* _Exercise aim_:
Ignoring pictures, transcribe exactly the lines between the one containing "على احتجاجات فيرجسون" and the end of the material, both included.

* _Data below_:
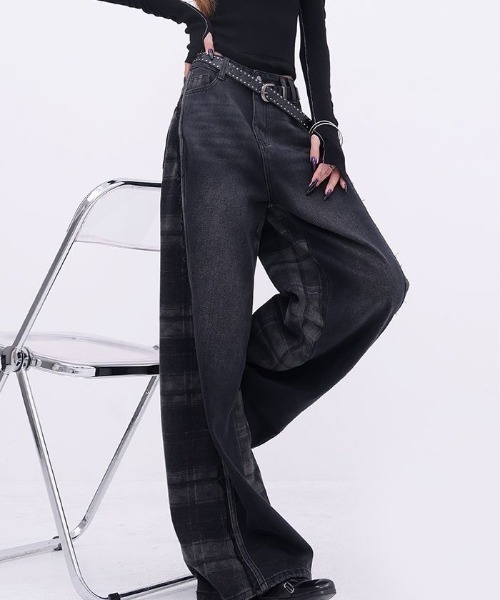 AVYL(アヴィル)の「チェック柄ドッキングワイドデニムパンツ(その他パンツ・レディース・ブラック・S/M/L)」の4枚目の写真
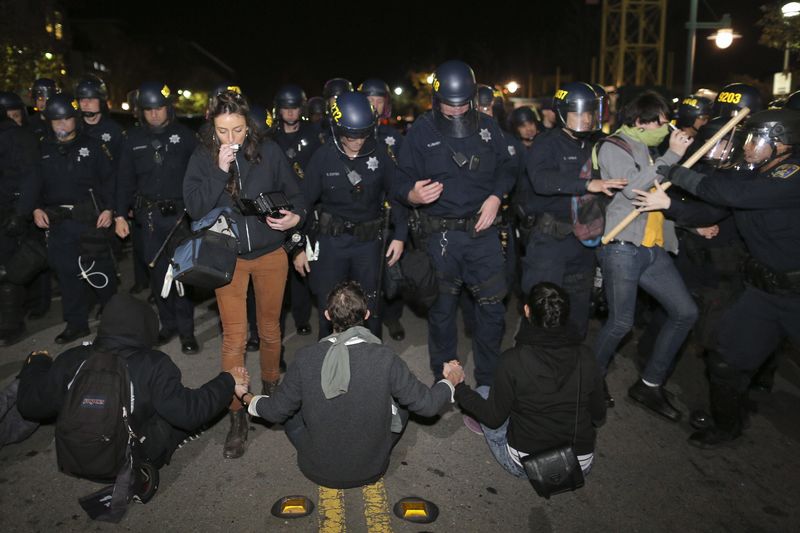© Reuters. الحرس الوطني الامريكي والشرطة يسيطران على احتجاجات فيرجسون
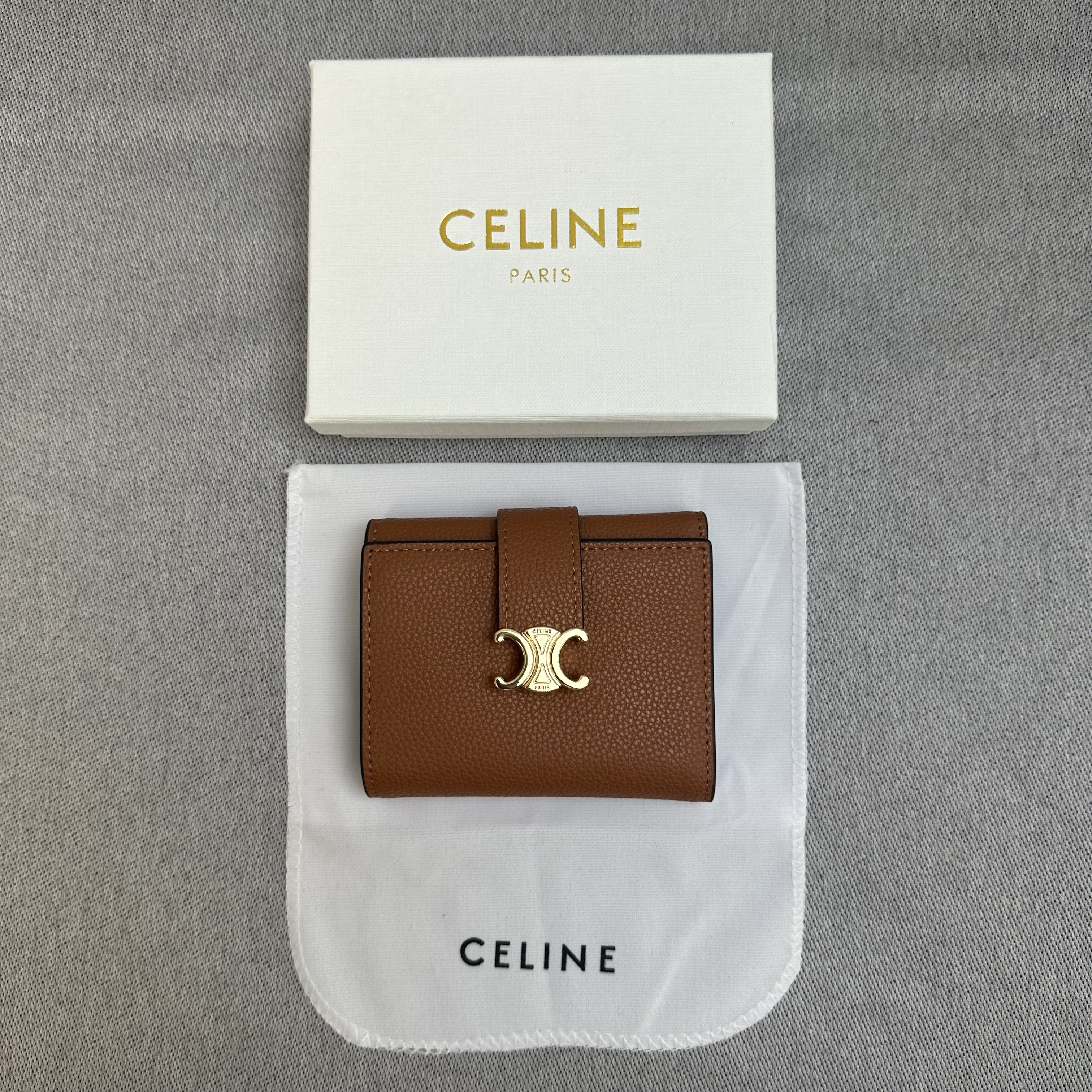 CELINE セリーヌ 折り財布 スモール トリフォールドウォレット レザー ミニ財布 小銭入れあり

* _The completed task_:
© Reuters. الحرس الوطني الامريكي والشرطة يسيطران على احتجاجات فيرجسون
 CELINE セリーヌ 折り財布 スモール トリフォールドウォレット レザー ミニ財布 小銭入れあり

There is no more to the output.